No Labels, No Look-Ahead: Unsupervised Online Video Stabilization with Classical Priors

Conference: CVPR 2026
arXiv: 2602.23141
Code: GitHub
Area: Remote Sensing
Keywords: Video Stabilization, Unsupervised, Online Processing, Optical Flow Estimation, UAV

TL;DR

The authors propose LightStab, an unsupervised online video stabilization framework. By combining a classical three-stage pipeline (motion estimation → motion propagation → motion compensation) with multi-threaded asynchronous buffering, it achieves performance comparable to offline SOTA for the first time across five benchmarks. Additionally, the first multi-modal UAV aerial stabilization dataset, UAV-Test (including visible and infrared light), is released.

Background & Motivation

Background: Video stabilization aims to suppress camera jitter and improve visual quality. Classical methods follow a three-stage pipeline: motion estimation → motion smoothing → frame compensation. Based on the motion model dimension, these are categorized into 2D (affine/homography/optical flow), 2.5D (limited 3D cues), and 3D (depth + point clouds) methods. Deep learning methods (DUT, NNDVS, RStab, etc.) directly generate stabilized frames through end-to-end learning.
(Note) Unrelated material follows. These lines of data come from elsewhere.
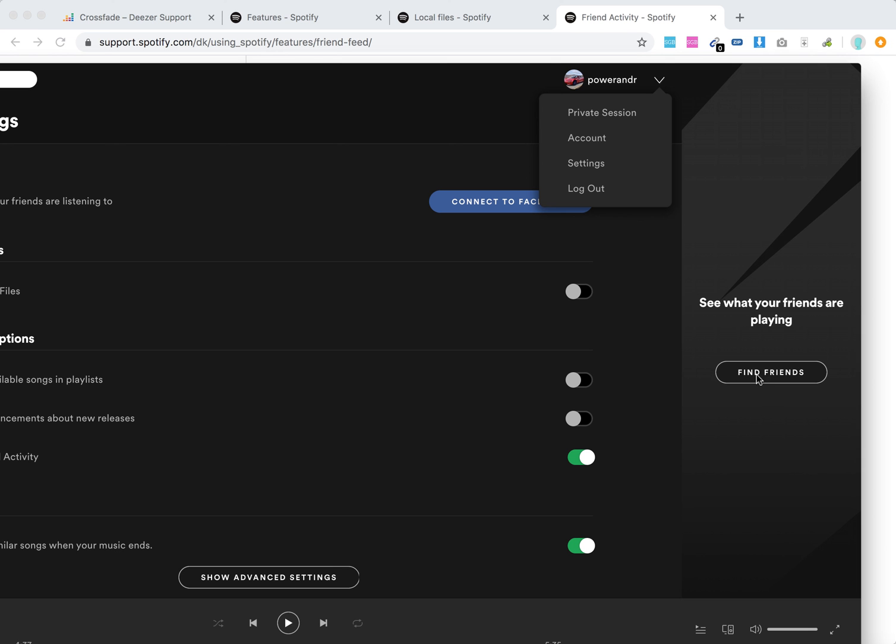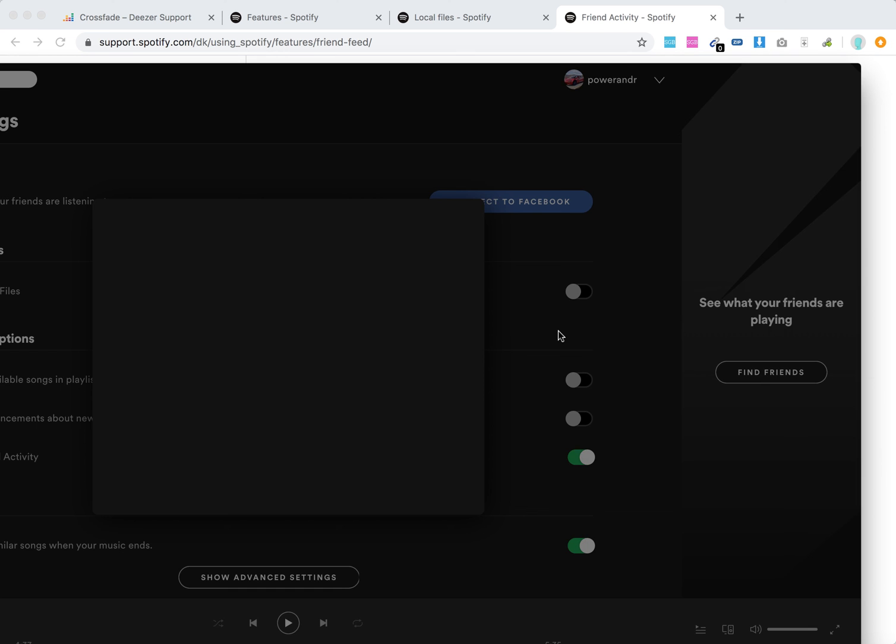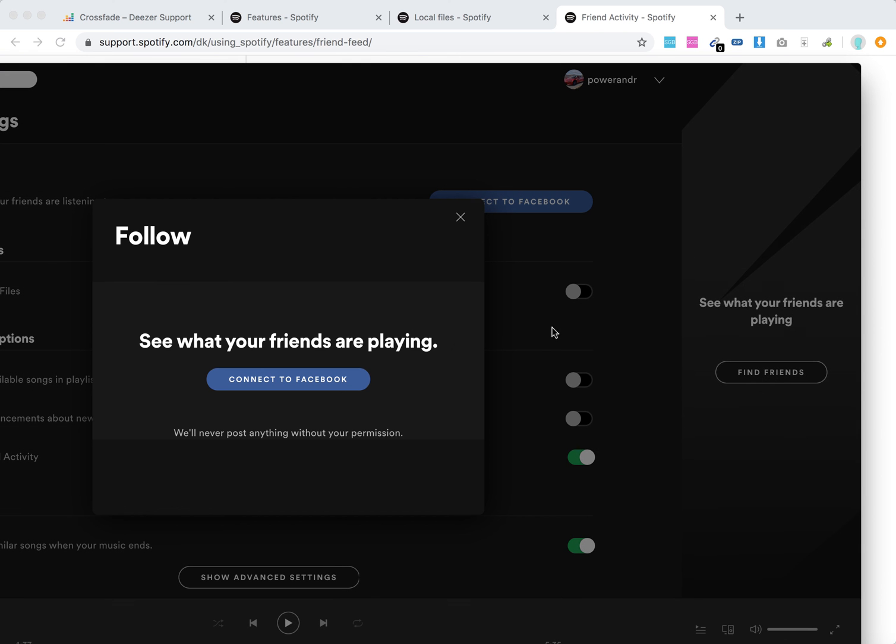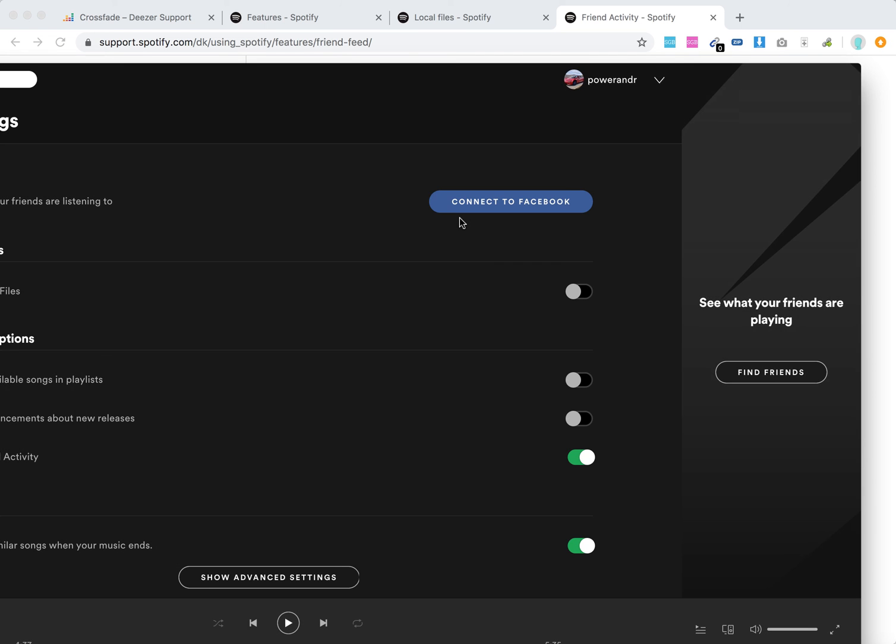If you don't have any friends, you'll see something like that. But you can just click and then you'll be able to find friends. You can connect to Facebook and stuff like that. Hope this helps.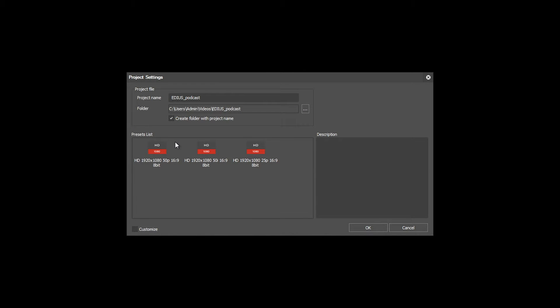If you want to set a new project in EDIUS but your preferred preset is not available, you need to do the following.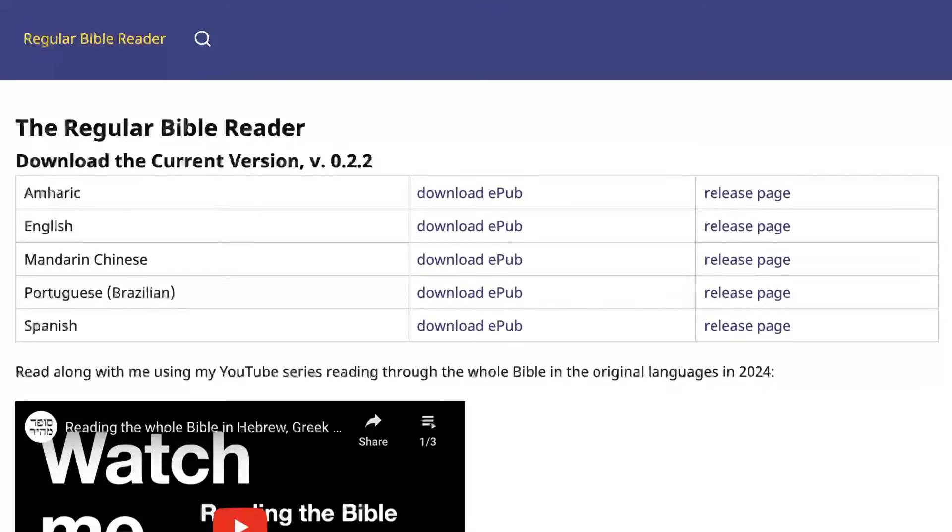Hi, my name is Pete and in 2024 I'm reading the whole Bible in its original languages — Hebrew, Aramaic and Greek. I'm using a reading plan that I wrote myself, which is available as an ebook for free. Today I read Daniel chapter 2 verse 17.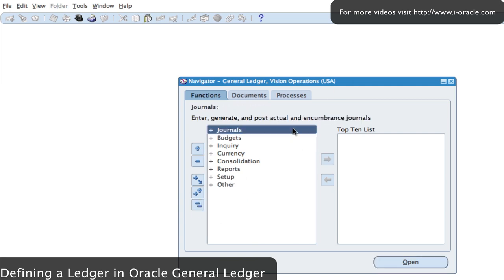Next we'll define our ledger. In defining our ledger we need to know the chart of accounts structure — our accounting flexfield structure — the currency, the calendar, and the accounting convention. We are going to be using accruals. This is now called the 4 C's — it used to be called the 3 C's, but the accounting convention has been added as the fourth C.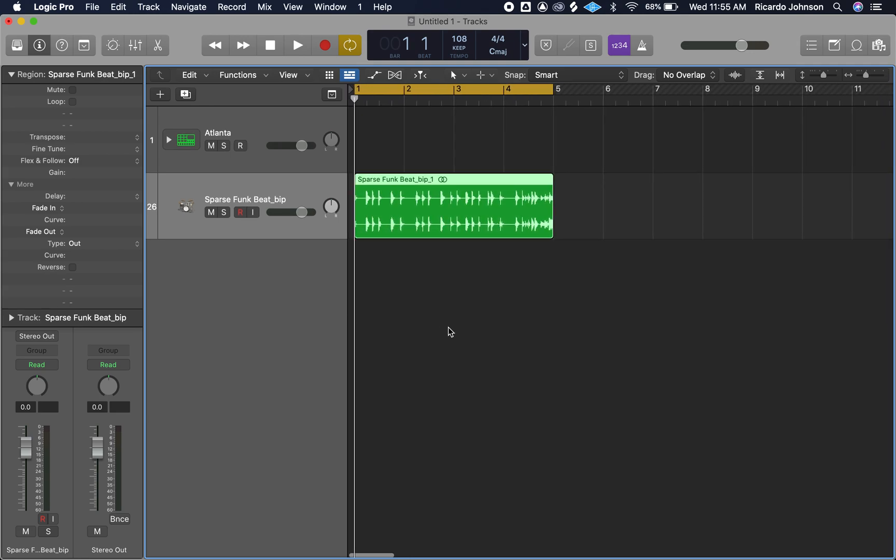Welcome back to another Logic Pro tutorial. In this video we're going to be going over how to quantize audio, extract the groove template, and then apply that to a MIDI region.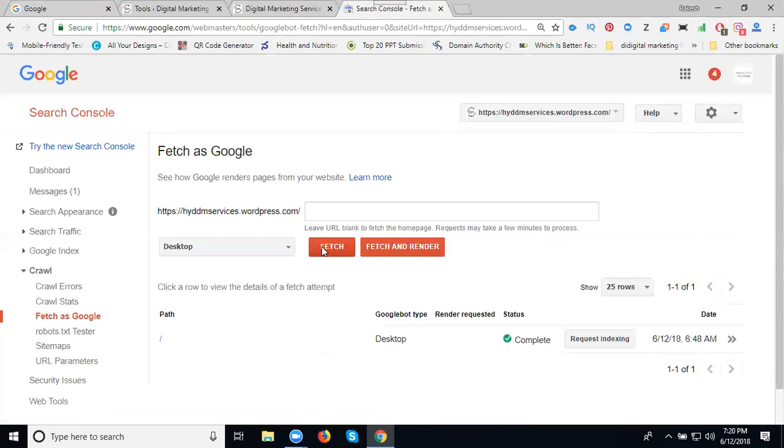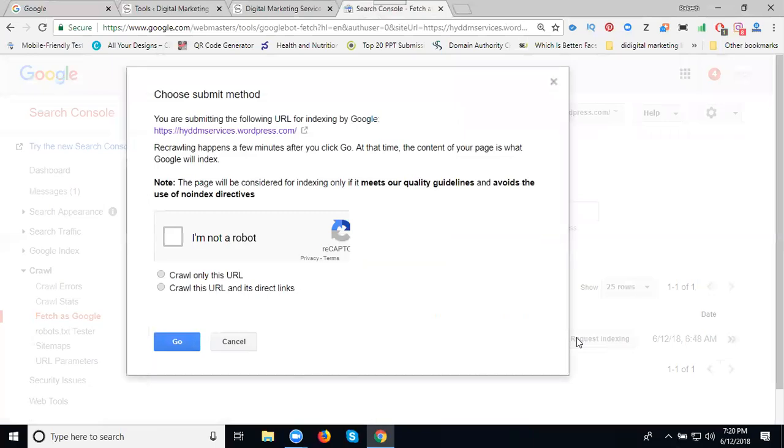After that, request to index. When requesting to index here, they show two options. What is the first time?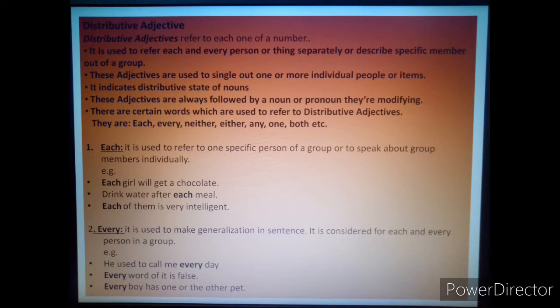For example: 'Each girl will get a chocolate.' 'Drink water after each meal.' 'Each of them is very intelligent.' Students, remember that for this kind of distributive adjective, the verb will always be in singular form.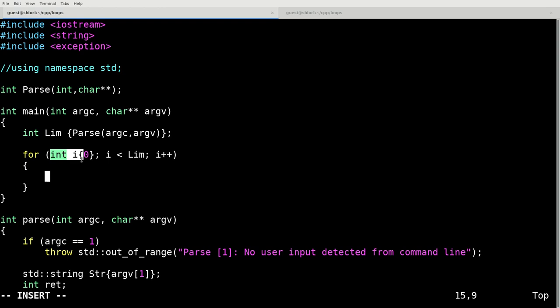You could do this as a double. You could do this as a character. You could do this as just about any data structure that you can increment or that you can do a comparison on.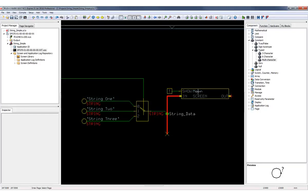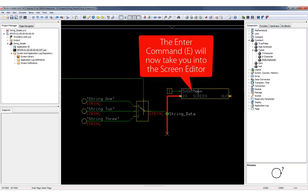The strings can also be passed through a number of Guide components such as this switch that I have here, and in this case I'm feeding it into a show screen component for a DP 570 display.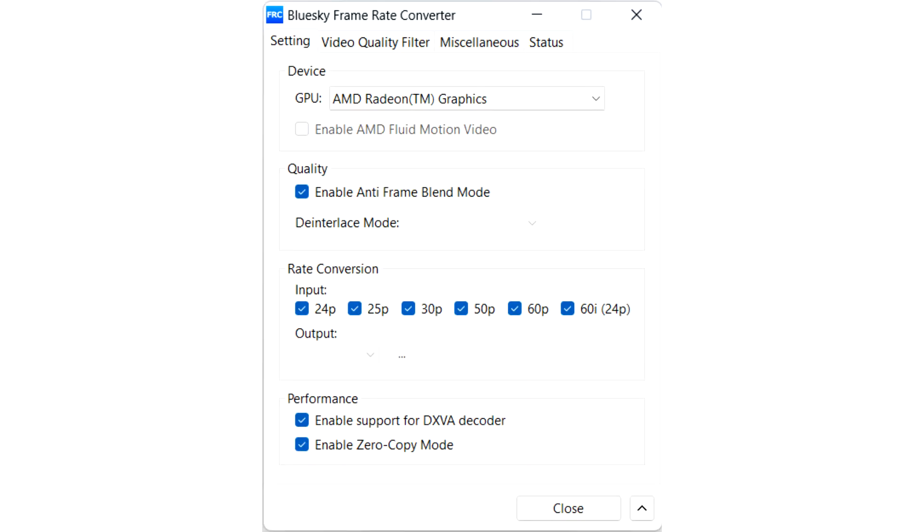BlueSky Frame Rate Converter now supports AMD Fluid Motion Video to double video frame rates. BlueSky Frame Rate Converter is a nifty little free utility that lets you change the frame rate of video files.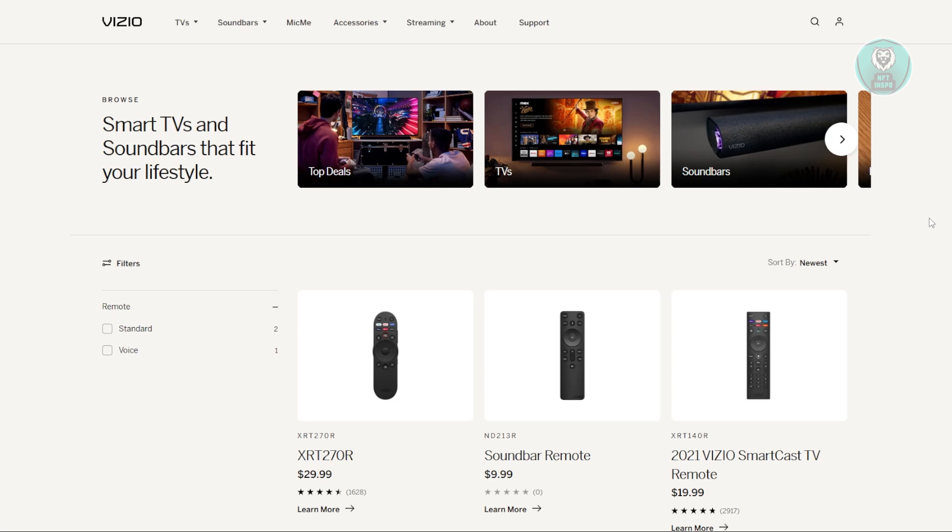You might be wondering how do you reset your Vizio TV Remote Control. Well, resetting it is pretty easy, but there are going to be a few steps you need to follow.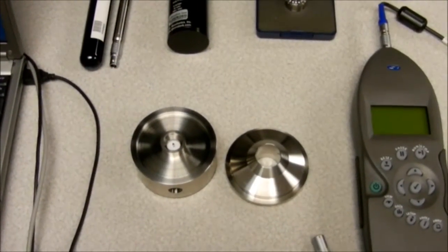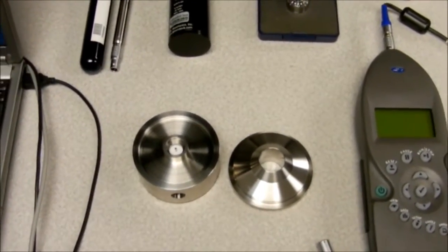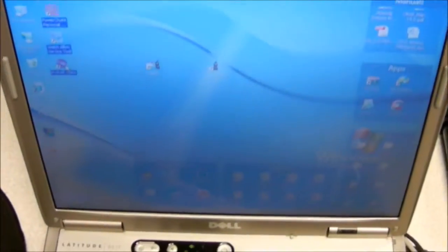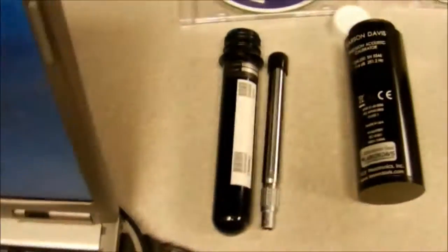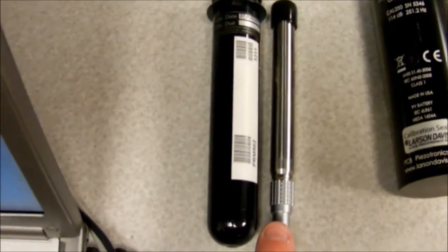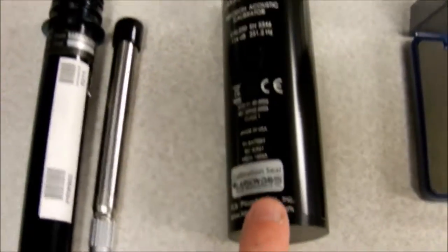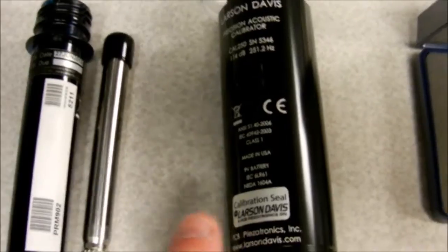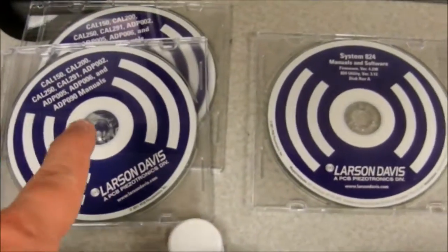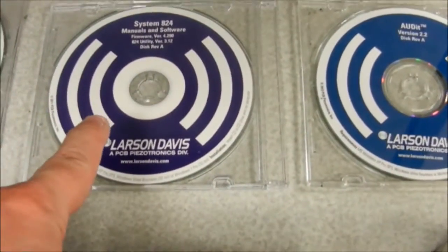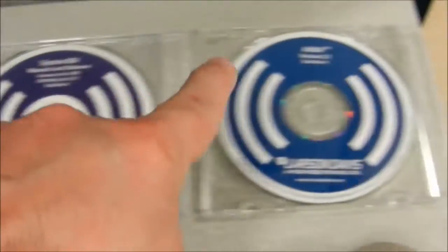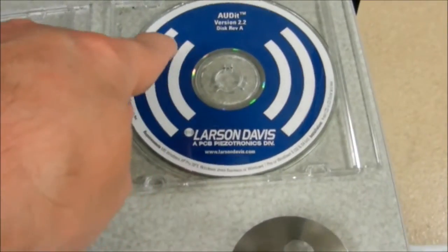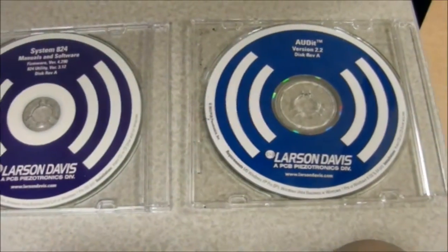Audiometer Test Equipment. Here we will need a laptop, the preamplifier, the Cal 250 acoustic calibrator, the manuals, the utility software, and the audit software that you will install on your laptop.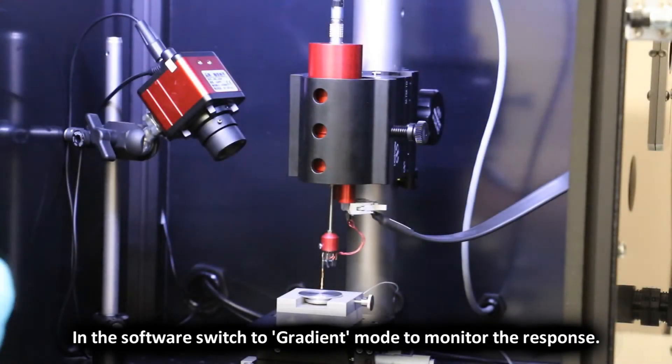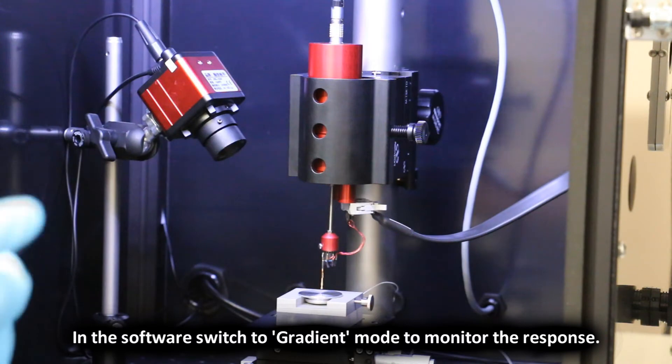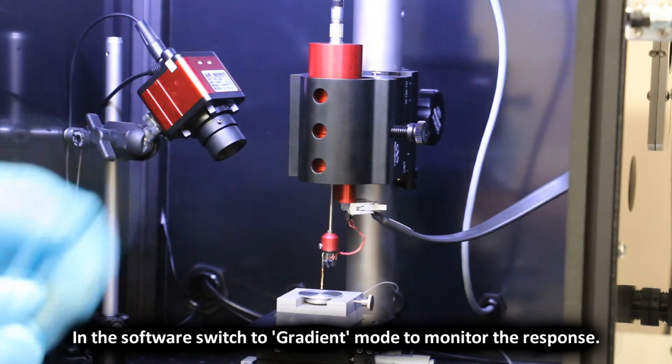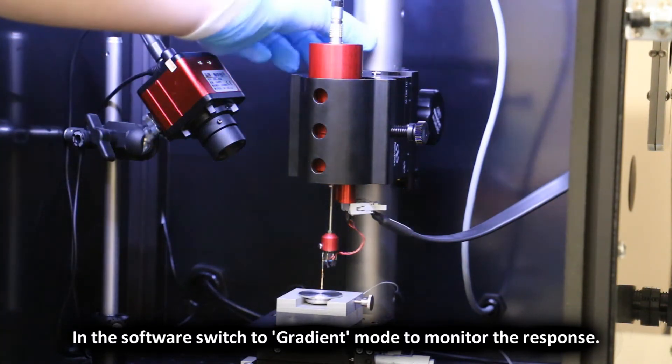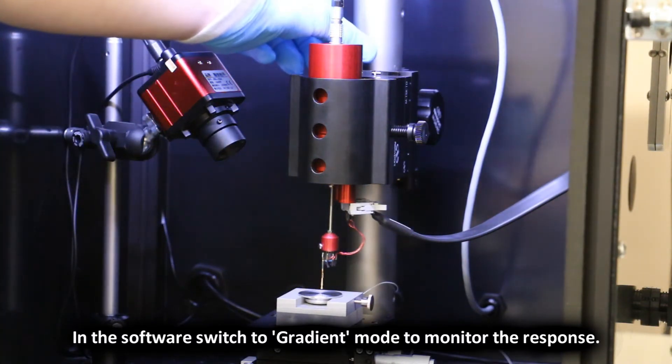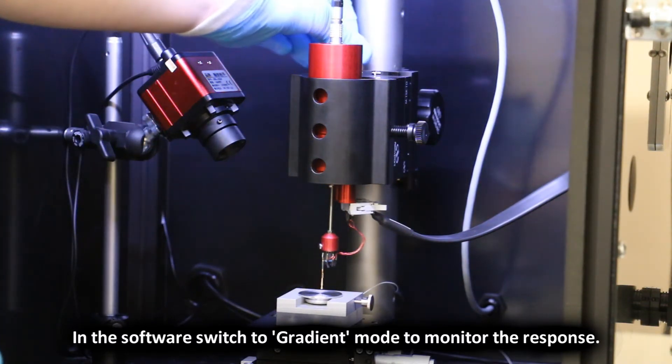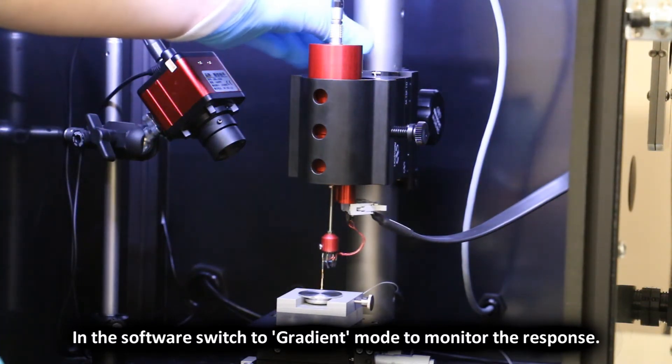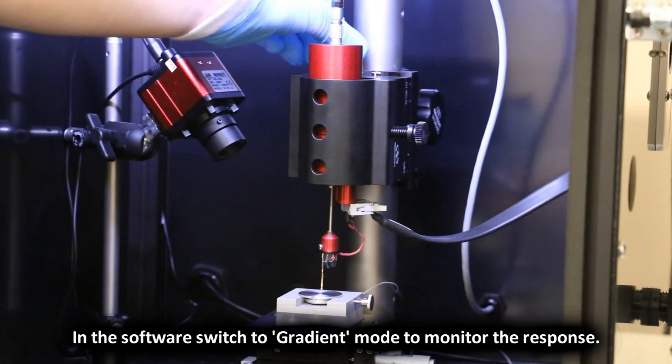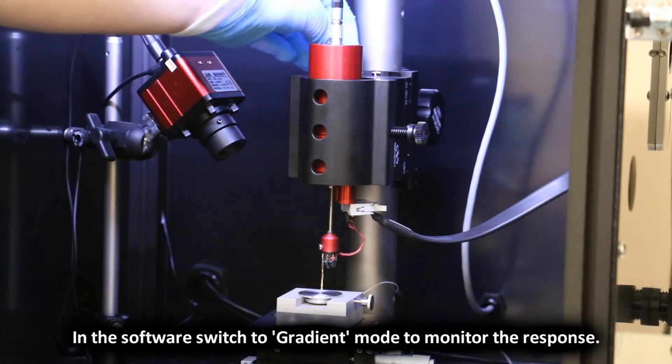Using the probe mount adjustment knob move the tip closer to the sample. Keep moving the tip closer until the gradient value reaches 300.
Limitations of Prior Work: - Perceptual Limitations: Classical methods rely on handcrafted feature detectors (SIFT, ORB), which are not robust in weakly textured, occluded, or large-motion scenarios. Uneven keypoint distribution leads to biased motion estimation. - Smoothing Limitations: Fixed smoothing strategies fail to generalize, resulting in residual jitter. Learning-based smoothing lacks geometric interpretability and may cause over-smoothing or distortion. - Online Processing Limitations: Most high-quality stabilizers (both classical and learning-based) rely on offline batch processing or future frames, introducing latency. Learning-based methods also require large amounts of paired labeled data and computational resources.

Key Challenge: It is difficult to simultaneously achieve unsupervised, online, and high-quality results. The best existing online method (NNDVS) still shows significant gaps in certain scenarios, and current benchmarks primarily focus on handheld visible-light videos, failing to cover practical needs like nighttime UAV remote sensing.

Goal: Design a completely unsupervised, strictly causal (no future frames used) online video stabilization framework that matches or exceeds offline SOTA in quality while extending to multi-modal UAV scenarios.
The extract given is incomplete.